The alleged 'magical energy' purported to emanate from within the sarsens at Avebury and Stonehenge is debatable, but there are many dowsers and some who choose to follow earth religions who firmly believe such energy exists. It is unlikely however, that the late neolithic ‘stone builders’ at Avebury would have regarded the sarsens in quite the same way. It is more likely they would have seen them as fortuitously convenient building material for their monument. Foremost in their minds would surely have been the huge logistical challenge and manpower required to transport, erect and aligning the stones in preparation for the important ceremonies and seasonal celebrations to follow its construction.
There is certainly nothing magical, geologically speaking that is, as to how these giant boulders came about. Sarsen stone is an immensely hard silicified quartzite sandstone formed around 23 million years ago. It was during the last glacial ice age, which ended around 12,500 years ago, that water erosion and shifting, freezing and thawing glacial ice flows exposed, eroded and broke up this crust of sarsens into millions of lose boulders which were left scattered across the Wessex landscape. Many can still be seen lying at Piggledene and Lockeridge just off the A4 between Beckhampton and Marlborough.
For the stone builders, sarsen stone would have been notoriously difficult to fashion due to its resistance to abrasion. This may account for the sarsens at Avebury not having been ‘worked’ but instead selected for their shape. Tall thin stones are thought by some to be symbolic of the male gender whilst short diamond shaped stones symbolic of the female gender. This arrangement can be seen at the West Kennet Avenue where male and female stones stand opposite one another along its course, further endorsement that the monument may have been built to celebrate fertility and growth.

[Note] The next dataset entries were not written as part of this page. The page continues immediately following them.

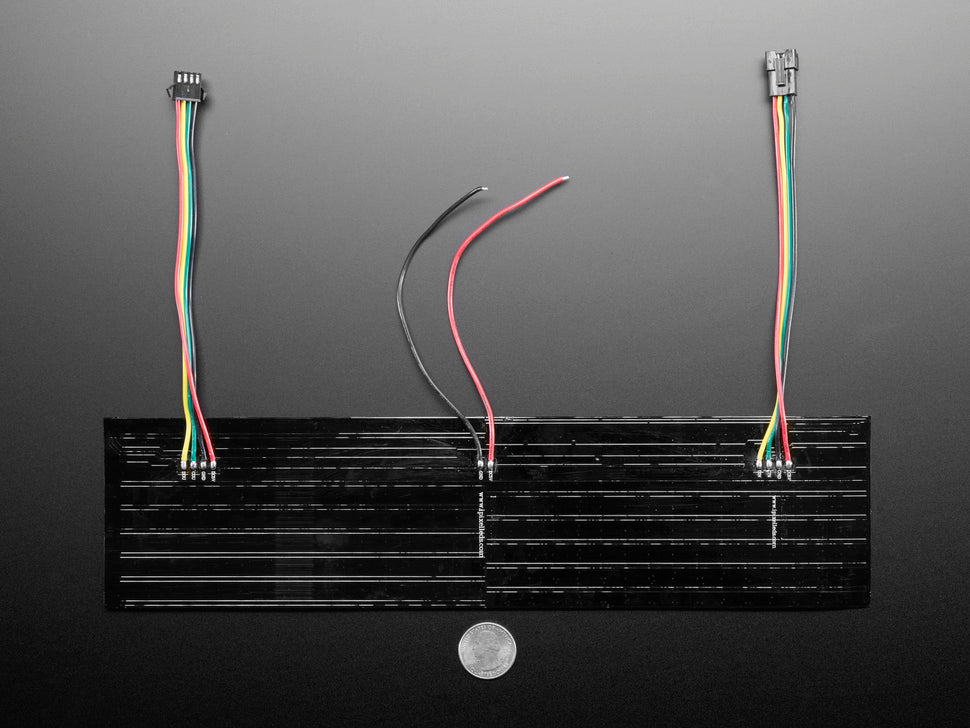 Flexible Adafruit DotStar Matrix 8x32 - 256 RGB LED Pixels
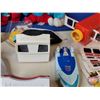 Image 8 : Vintage Children's Group : - Plush Toy Smurf's - View-Master - Space Ship - Magna Slide - ETC!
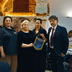 2024 - Il Presidente Valentinuzzi assieme alla m.a Barbara Di Bert, alla Presidente del Coro &ldquo;Dangė&rdquo; e alla m.a. Judita Kiaulakyte durante il tradizionale scambio di doni.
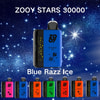 Zooy Stars 30000 Blue Razz Ice Flavor Disposable Vape Packaging Box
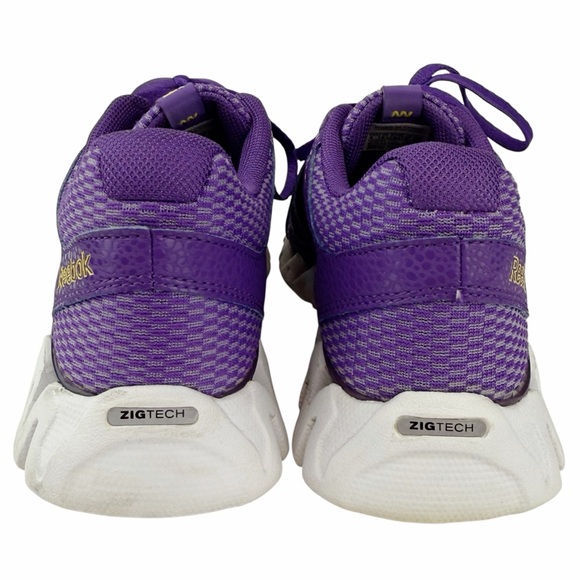 Reebok Zig Tech Shark Sneakers Purple Shoes Women’s Size 8 - Picture 4 of 12
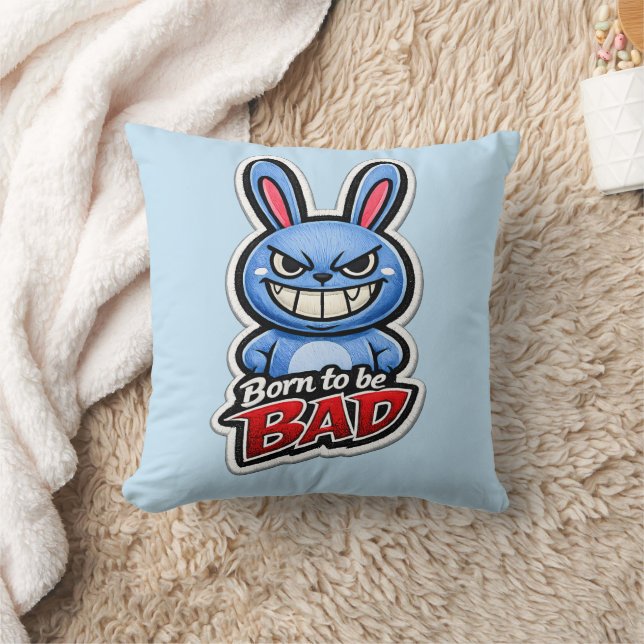Almofada 🐰😈 Travesseiro "Nascido para Ser Mau" 💥🛋️ (Cobertor)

It was the abundance of sarsens in the Wessex landscape, particular in Wiltshire, that proved decisive at a time when the stone builders were considering where to construct the monuments which now stand at Avebury and Stonehenge. There is an old local saying from the turn of the 19th century which claimed it possible to ‘walk from Avebury to Lockeridge without ever touching the ground as there were so many sarsen stones to step on‘.